10. The subsequent decisions of the High Court after the pronouncement of the aforesaid judgment of the Supreme Court in (S) AIR 1955 SC 633 may be now noticed.
In Raj Narain v. State, AIR 1959 All 315 (FB), divergent views were expressed by the Judges of that High Court. Mootham, C.J. who was in a minority, held, following the aforesaid observations of their Lordships of the Supreme Court that once a High Court has disposed of a criminal revision, it cannot revoke, review or recall or alter the same in exercise of its powers under Section 561-A Cr. P. C. The other two judges who constituted the majority however took a contrary view and Dayal, J (as he then was) distinguished the Supreme Court decision in the following terms (p. 326)
'Certain observations have been made in the coursa of judgments with respect to the competence of the High Court to revise or to recall the orders passed; but these observations are to be taken in the context on the point for determination, and urged for consideration before the Supreme Court. I do not consider these observations to refer to the inherent power of the High Court, to pass suitable orders to secure the ends of justice, even if those orders amount to reviewing or recalling of an earlier order.'
With great respect, I am unable to appreciate how the clear observations of the Supreme Court, quoted above about the finality of a judgment passed by the High Court in a Criminal Revision can be distinguished on the ground that they did not take into account the inherent power of the High Court. The question as to whether the judgment of a High Court, passed in appeal, could be revised or reviewed was directly in issue before the Supreme Court and when they have stated clearly that even a judgment passed or an order passed in a criminal revision should be given the same finality as a judgment or order passed in an appeal on general principles these observations will necessarily apply in examining the inherent powers of the High Court. It is well known that even an obiter of the Supreme Court or the Privy Council is binding on all subordinate courts--see the recent pronouncement of the Gujarat High Court in Jaswantalal v. Nicchabhai, (1964) 5 Guj LR 161 (Para 20) : (AIR 1964-Guj 283 Para 22).

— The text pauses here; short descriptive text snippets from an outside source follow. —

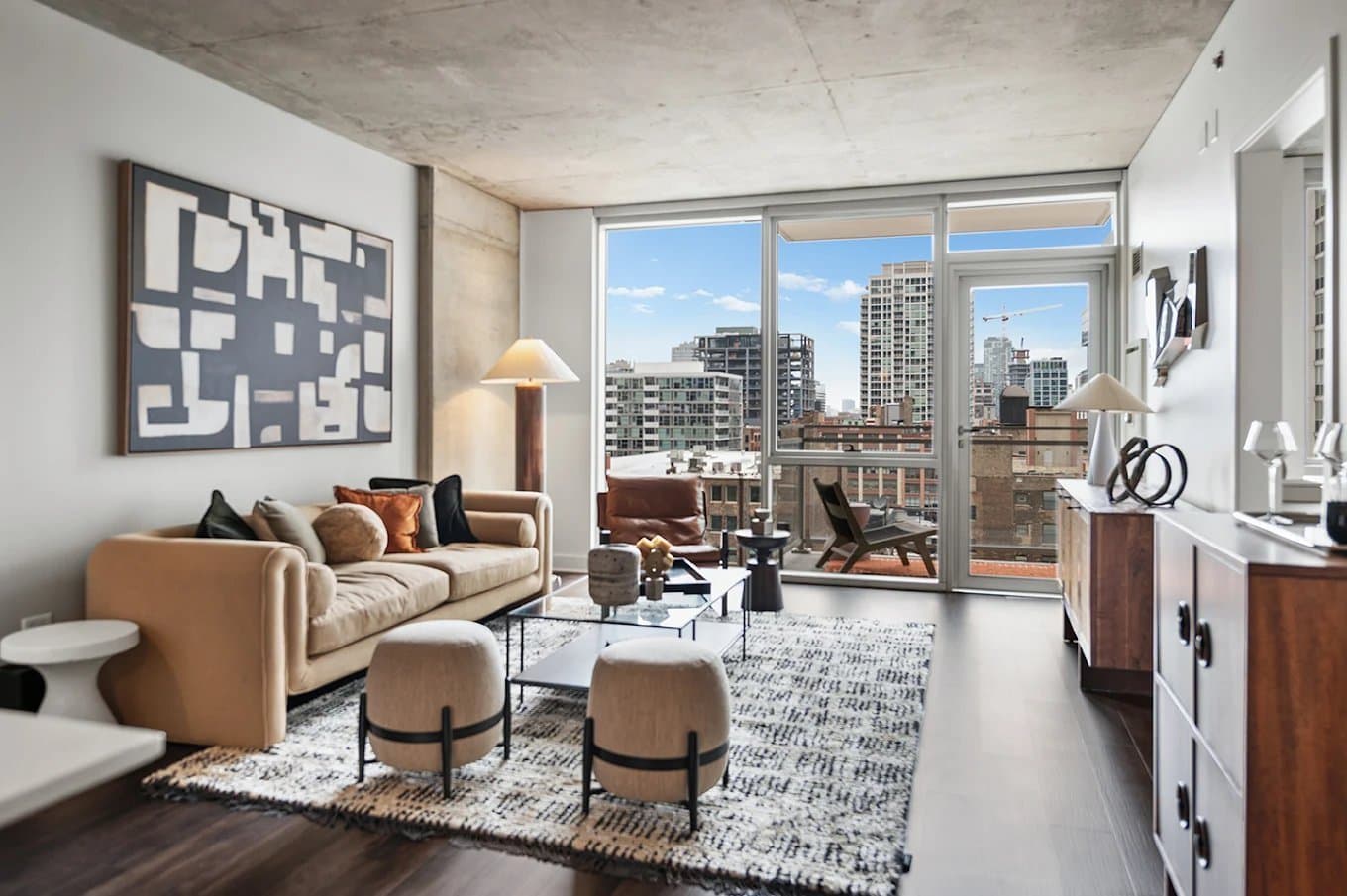 Chicago Condo: 515 N Franklin St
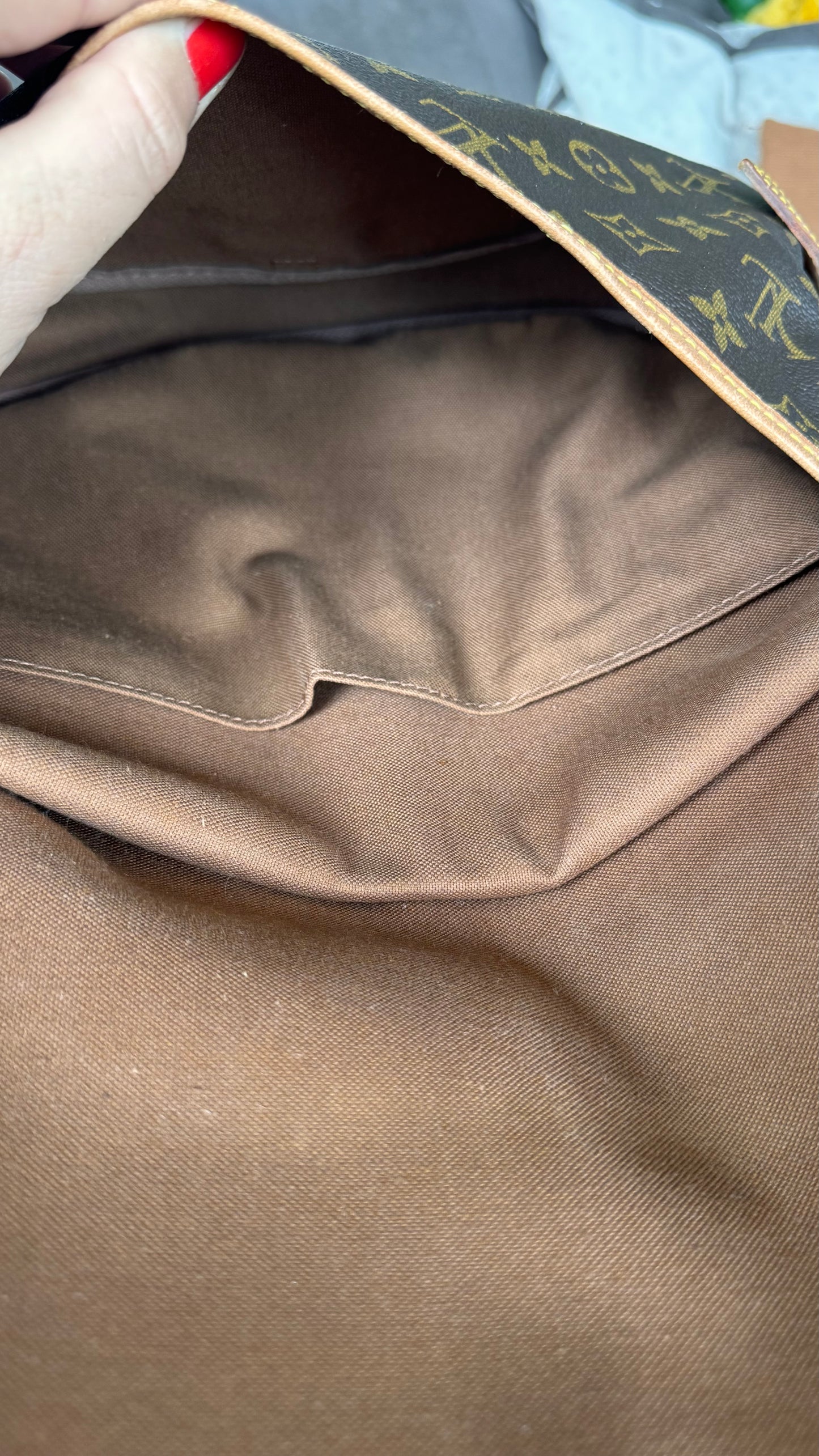 Sac à main Louis Vuitton Saumur 30 Monogram Sac à bandoulière Sac à bandoulière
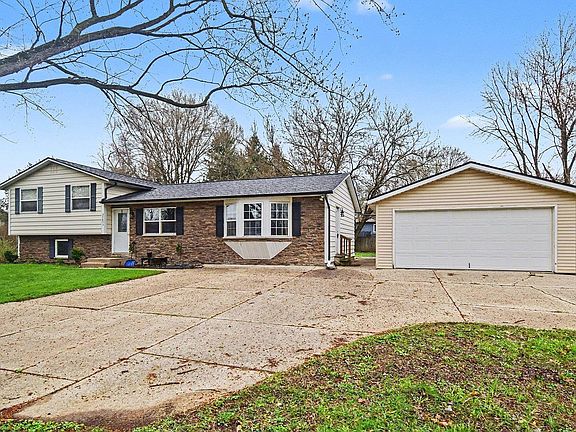 3rd image of 29893 Cardinal Ave
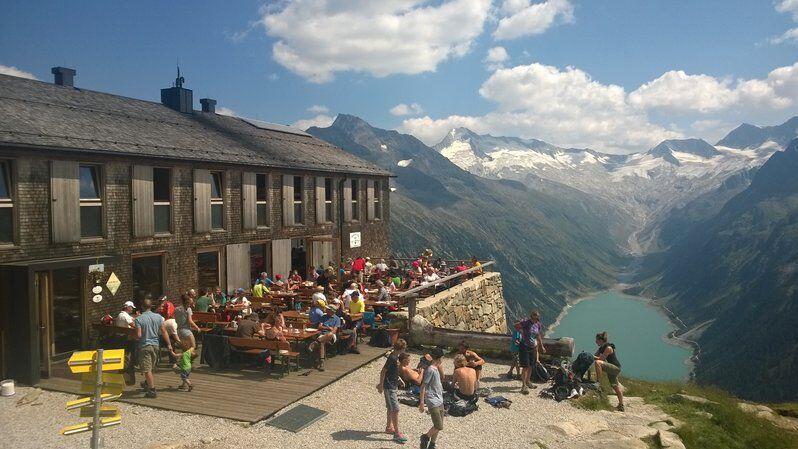 Blick von der Hütten-Terrasse auf den Schlegeisspeicher.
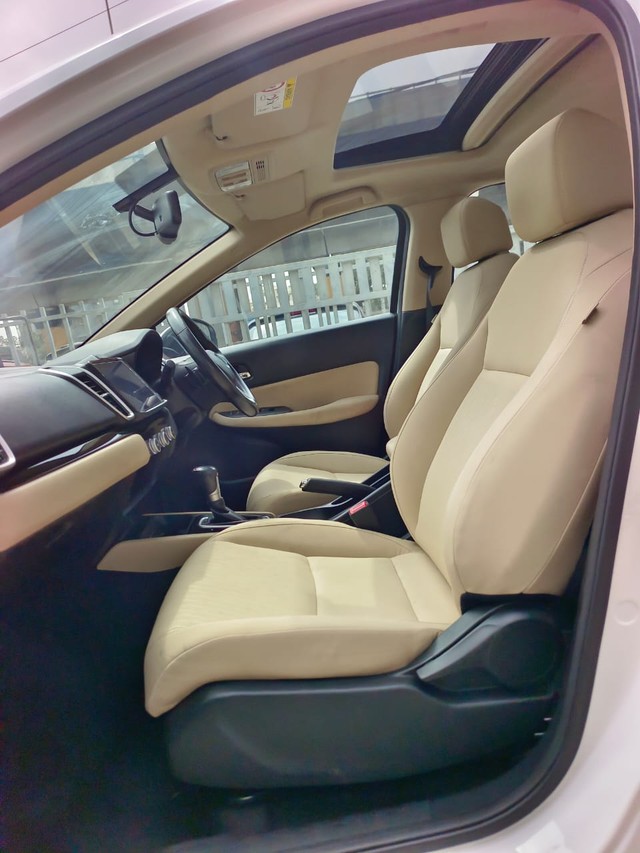 Second-hand 2020 Honda City VX CVT for sale in Bangalore-14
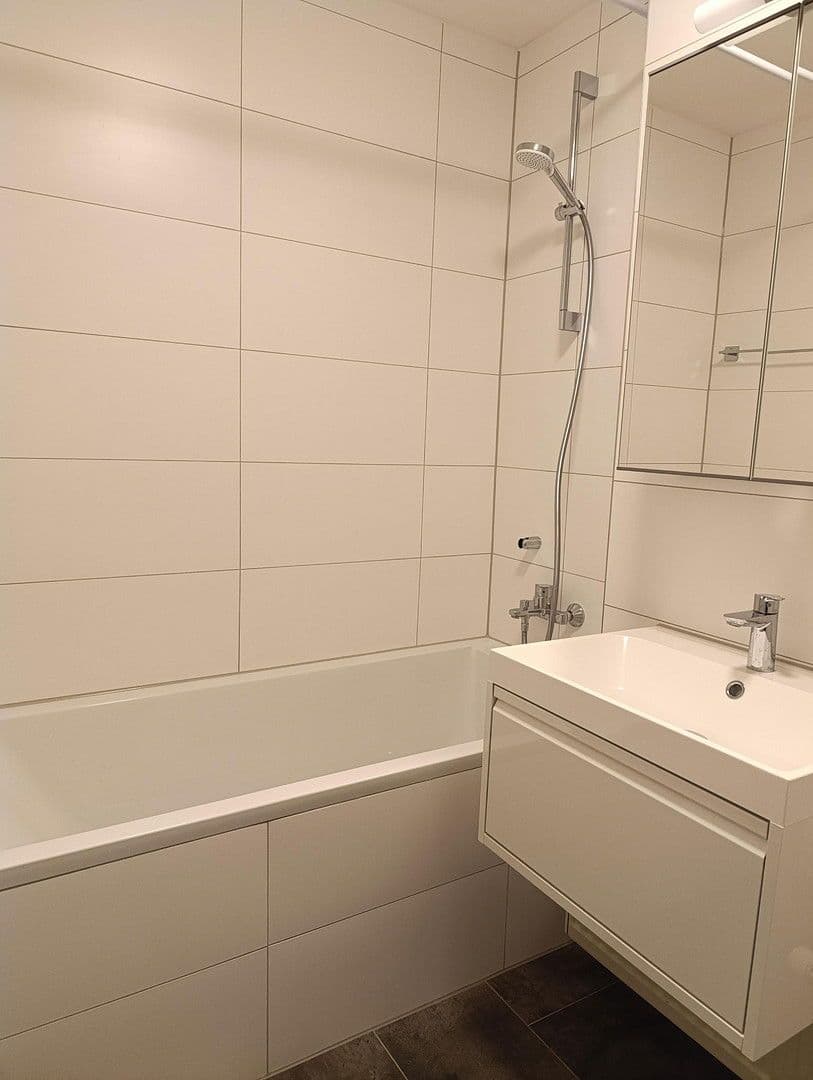 Pronájem bytu 1+kk 40 m², Ingolstadt, Bavorsko Pronájem bytu 1+kk 40 m², Ingolstadt, Bavorsko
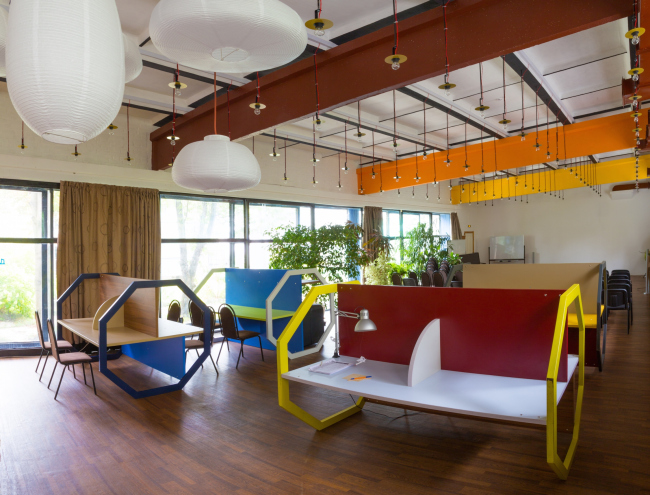 Co-working space in the Blokhintsev Library in Dubna. Interior, 2015 � PANACOM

11. Mr. Murty then relied on Baijnath Kurmi v. State, AIR 1961 Pat 138 and in re Biyamma, AIR 1963 Mys 326 but in both these decisions the observations of the Supreme Court in the case cited above have not been noticed. On the other hand, apart from the Orissa Judgment mentioned, there are judgments of some other High Courts in which it has been held that the inherent powsrs cannot be invoked to review, or alter the judgment delivered in a criminal revision -- see Hoshiar Singh v. State, AIR 1958 Punj 312; Kalipada Jana v. Sarbeswar Panda, AIR 1958 Cal 568; Dhanna v. State of Rajasthan, AIR 1963. Raj 104 and in re Anthony Doss, (1963) 1 Mad LJ 393. Thus excepting the majority view in the Full Bench decision of the Allahabad High Court in AIR 1959 All 315 (FB) there is no decision after 1953 in which, after considering the observations of the Supreme Court in the aforesaid case, any High Court held that a judgment or order passed in a criminal revision may be reviewed or revised in exercise of the inherent power of the Court, The weight of authority is definitely in favour of the contrary view. Hence I see no reason to differ from the view taken in AIR 1958 Orissa p. 20, and refer this case to larger Bench. I accordingly dismiss this petition as not maintainable. The sentence passed by this Court in Criminal Revision No. 265 of 1963 remains unmodified and should be executed promptly.